Our very first center should be able to open in a couple of months. We are going to open a very small center for the first one in Oregon. We are also in the process of applying for a Federal loan guarantee. So the lease program- we buy the equipment, we pay for installation. We add a small amount for risk and we pass on the low interest rate to the driver and we carry the lease over 60 months. Now, if we get additional grants which are very common, right now we offer 0% financing because we received a grant from the EPA that picks up the interest rate. The way we cover administrative costs, the manufacturers and dealers pay us a 6 percent commission on sales that we generate and in Oregon we have a 35% tax credit that we sell to an investor that has a tax liability. This is a very unique program to Oregon and is the only way that CSS can operate to get up and running in the short amount of time that we have done. We are also working with consultants to develop a high quality CO2 offset program. This is in the works and we are hoping some of the fuel reductions that we are generating will turn into subsidies. Any money in excess of our needs goes right back into the program so that we can either expand the program or make the products more affordable. The way that we manage risk.

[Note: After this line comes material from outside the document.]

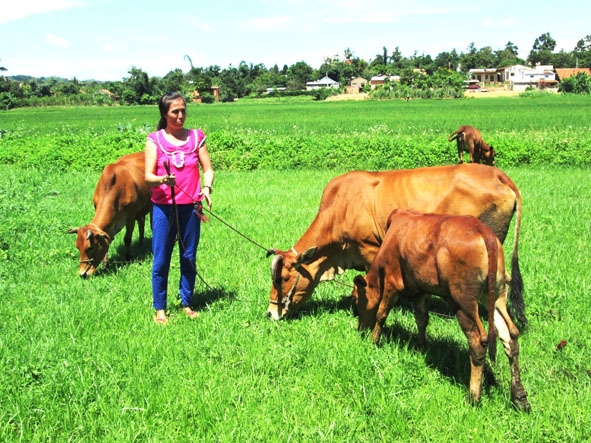 Chị Phạm Thị Hiên ở thôn Kim Phát, xã Hòa Hiệp (huyện Cư Kuin) phát triển đàn bò nhờ nguồn vốn vay do Hội Phụ nữ huyện tín chấp. 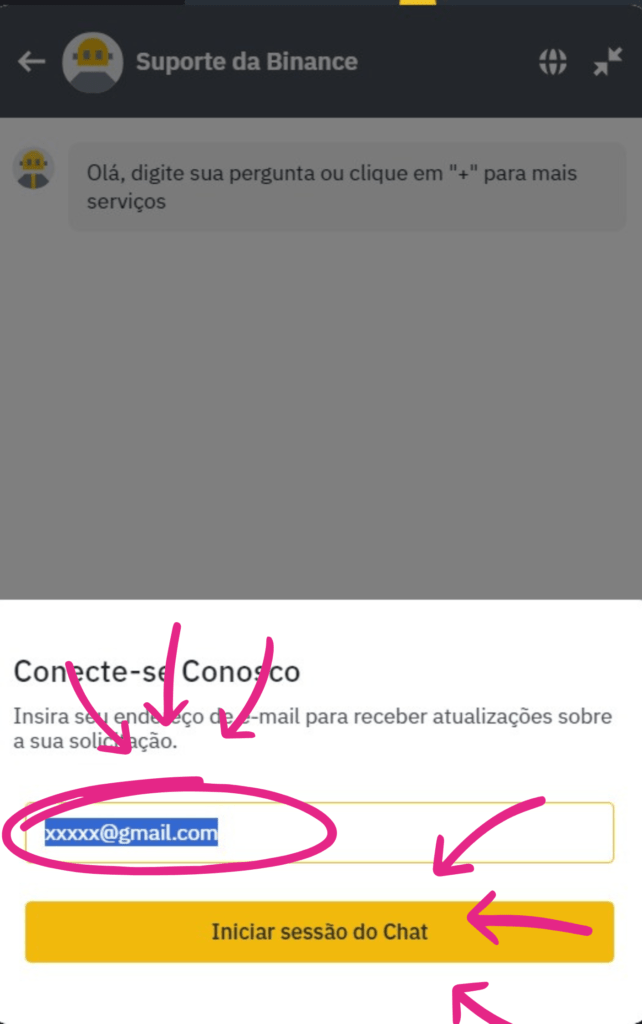 Imagem da tela do suporte, clique em inserir o endereço de e-mail e escolha a opção iniciar sessão do chat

We have really great communication with our customers. Once a truck upgrades they become part of the CSS fleet and they are allowed to leave feedback for the manufacturers and dealers of the product. We communicate what to do in case of bankruptcy. With some of these little businesses there is the risk of bankruptcy, we've had three on a 350 went bankrupt so far. We just tell them to take it back to the dealer and we remove the equipment before they return the truck to the bank. That's worked very well. In every single case we've recovered our equipment. We make the dealer stand behind their products. About one in 100 is a lemon and it just seems to break down constantly. We've had two that we've had to remove and have had them sent back to the factory. They have to give us another one or we don't buy from them anymore. We use professional credit screening procedures. I guess I covered most of this slide already. Our original loss reserve of -- when we first started the program we charge $1,000 hour loss reserves and we are going to be reducing that because it is not necessary to have that large of a loss reserve.

The locations that you see on the map are where we are planning centers. We have eight of them planned right now. Originally, we had five. The little green dot is going to be opening up before the end of this year and the others in Portland and in Sacramento are due by July of next year and the following centers in Seattle and the three in Los Angeles we are hoping to open by 2008. That is the end of my presentation.

J. Seplow:
One thing I was asked to clarify by Diane Turchetta who is in the room with me here, is that the $3 million from the Oregon DOT is a SIB loan.

S. Banks:
Yes, it is. We are in the final stages of that process if anybody wants to get with me offline I would be happy to talk with them about that.

J. Seplow:
Thank you, Sharon. We will address the questions that have been sent to Sharon in the last half hour of our seminar. Our next presentation will be given by Iris Ortiz of Cambridge Systematics. I will bring up your presentation and turn it over to you.

Iris Ortiz:
Thank you, Jennifer and thanks everyone for being here. I am sure this is an interesting topic for all of you. My presentation this afternoon, I titled it Financing for Freight Infrastructure: A Guidebook for Federal Funding and Financing Tools for Freight Projects. For about a year, Cambridge Systematics has been working together with Office of Freight Management and Operations in the development of the freight financing guidebook. Today, I'm going to talk briefly about the guidebook structure, what has been put in and, if time allows, I will be presenting a few case studies of projects that have been included in the guidebook.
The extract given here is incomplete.